2011-01-25 Thread Rich Megginson

On 01/23/2011 05:56 PM, Ben Bucksch wrote:

I am trying to implement XMPP, in chrome-JS.

XMPP resolves the server hostname using DNS SRV lookups, so if I want to
get the server for foo.com, I may end up with e.g. abcdxmpp.foo.com
as hostname. The user opened the connection to foo.com, though, and
the SSL certificate is for foo.com, not abcdxmpp.foo.com (that's how
all the clients apparently work).

I open a socket (nsISocketTransport) with SSL/STARTTLS, i.e.
Ci.nsISocketTransportService.createTransport(starttls, 1,
abcdxmpp.foo.com, 5222, proxyInfo);

Now, how do I set the hostname to check the cert against?

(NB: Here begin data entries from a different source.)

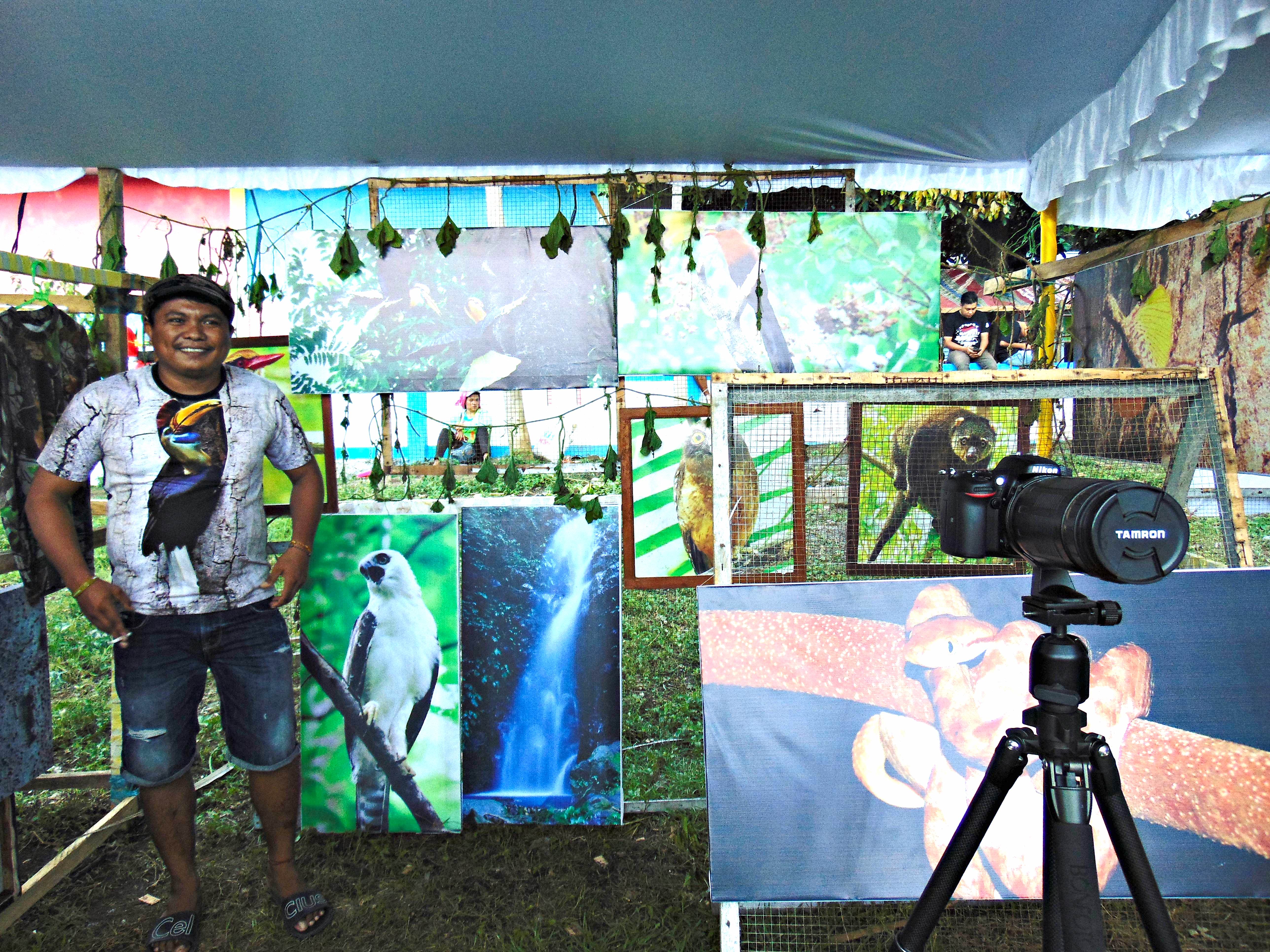  Alfred Masala, anggota Tukang Foto Orang Batuputih (T-FOB) di standnya yang memajang berbagai karya foto dari Cagar Alam Tangkoko dalam rangkaian acara perayaan 100 tahun Tangkoko | Foto: Themmy Doaly/Mongabay Indonesia 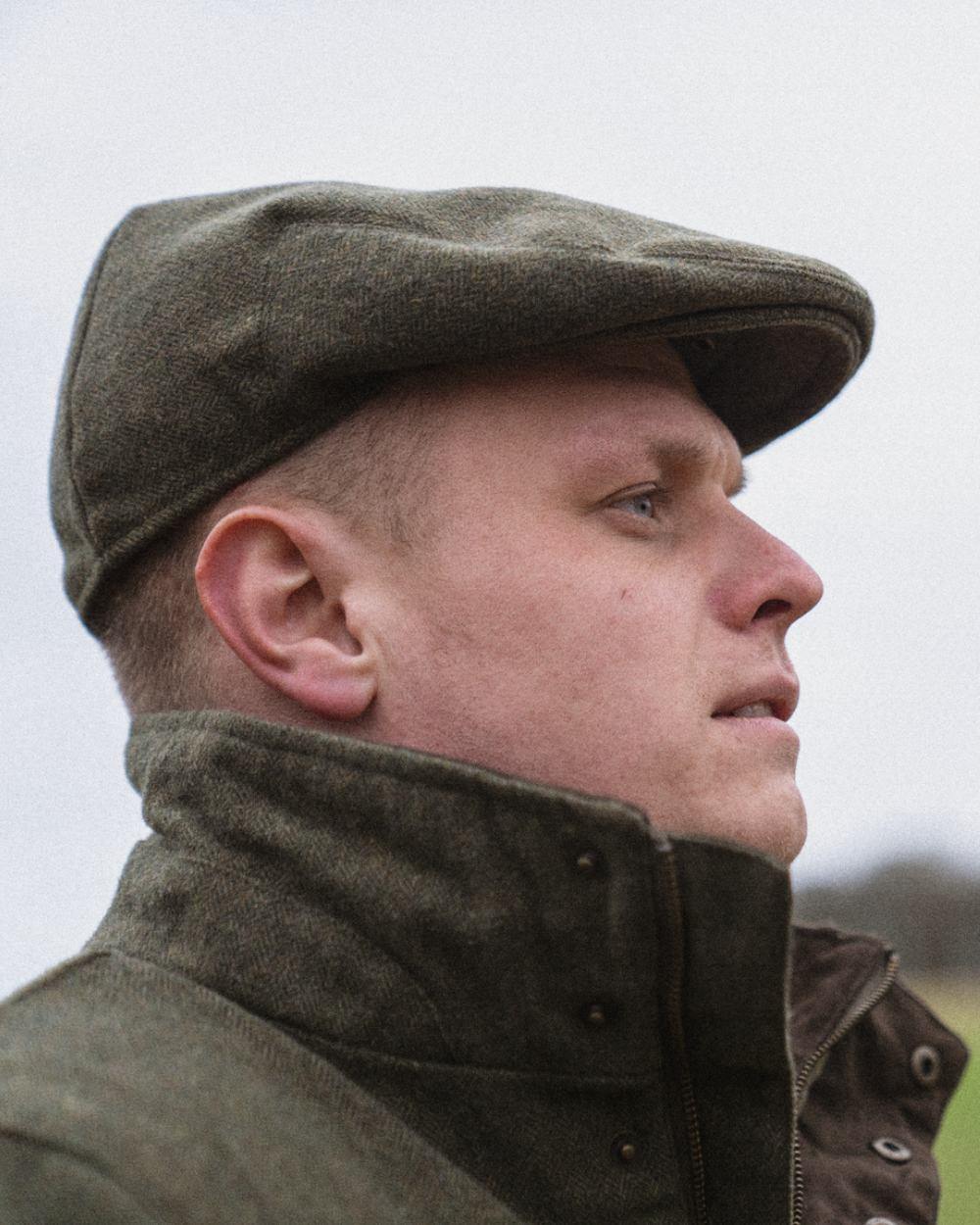 Moss Green Coloured Seeland Hillside Sixpence Cap on outdoor background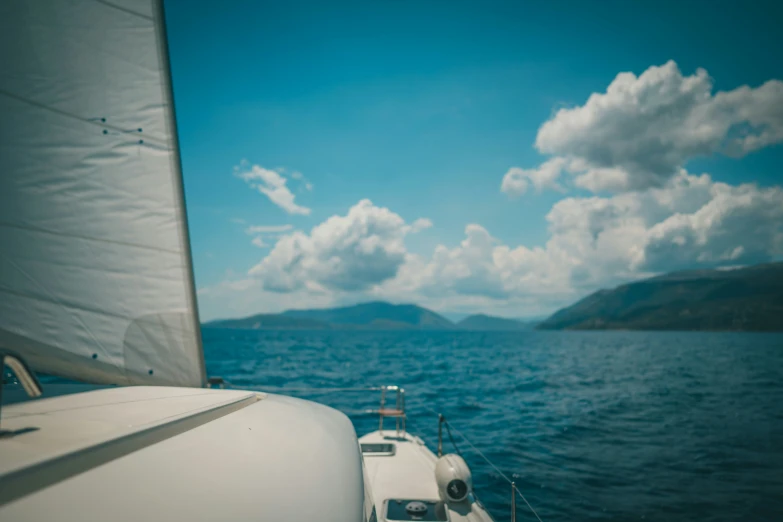 a sailboat with blue skies and clouds in the background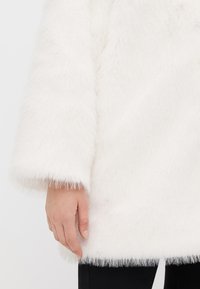 Cappotto in pelliccia sintetica bianca con una texture morbida e soffice e un taglio dritto. Presenta maniche lunghe con bordo in pelliccia ai polsini e all'orlo.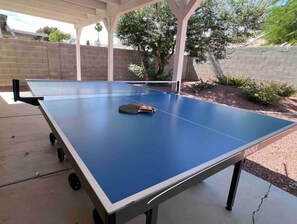 Enjoy a game of ping pong in our covered outdoor space.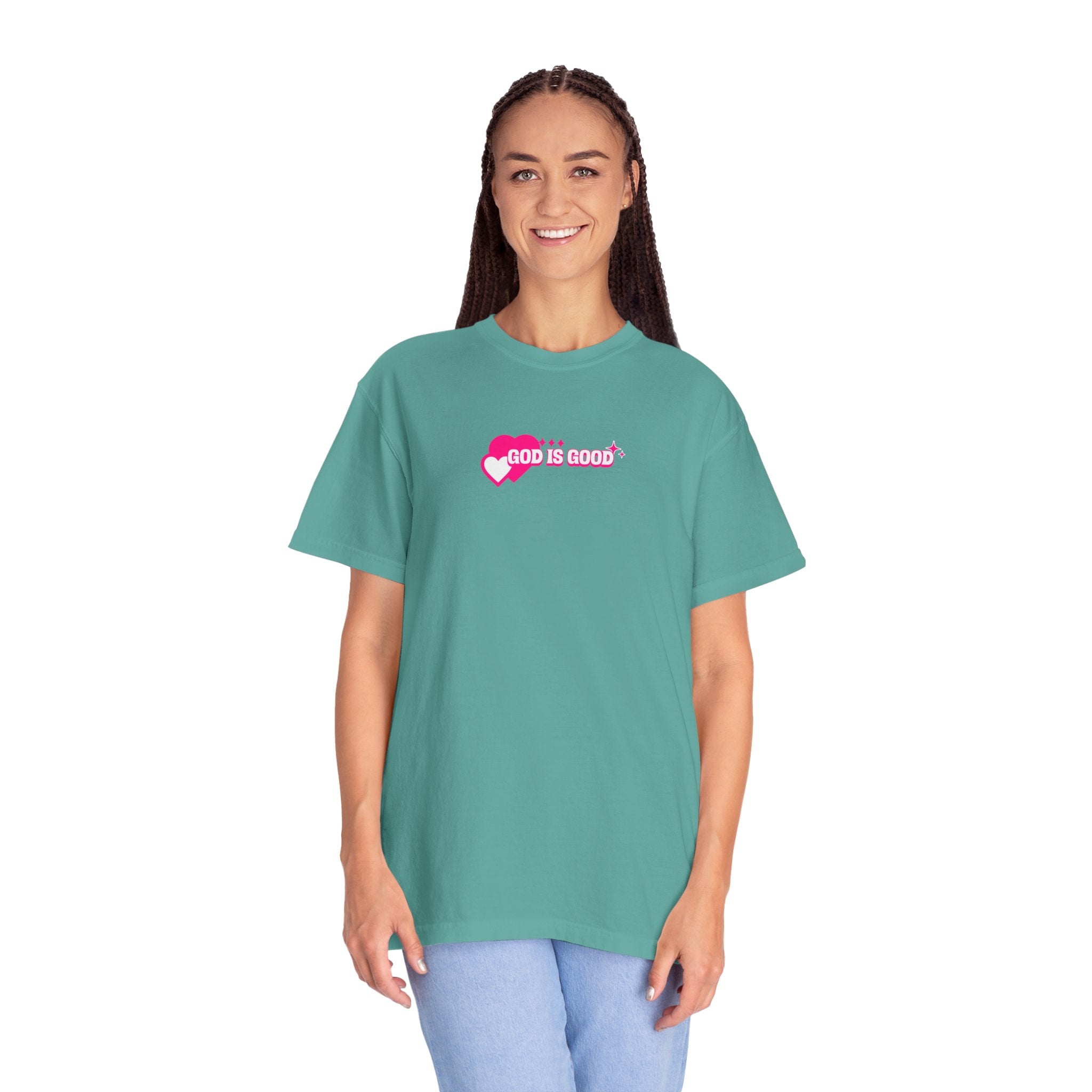 Woman wearing a teal t-shirt with 'God is Good' text on a white background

By default, it uses the hostname that I open the socket to, but in my
case of course that gives a bad_cert_domain error.

Of course I took
socket.securityInfo.QueryInterface(Ci.nsISSLSocketControl), I need that
to start STARTTLS anyway, but I don't see any way there to set the
hostname to check again.

 From what I understand, the app should be able to tell the security lib
which hostname to check against, because we're supposed to check against
what the user entered originally, not necessarily what we end up with.
Most libs, e.g. java and Python, even require the app author to
explicitly set this. So, I assume that possibility is somewhere, I just
didn't find the API.

Can somebody help?


You might also be able to provide a cert verify callback.  Not sure how 
it would work in JSS, but OpenLDAP does something similar with C code. 
See 
http://www.openldap.org/devel/cvsweb.cgi/~checkout~/libraries/libldap/tls_m.c?rev=1.27hideattic=1sortbydate=0


The two main entry points are SSL_BadCertHook and 
SSL_AuthCertificateHook - these give you the ability to intercept the 
SSL_ERROR_BAD_CERT_DOMAIN error and handle it the way you want to.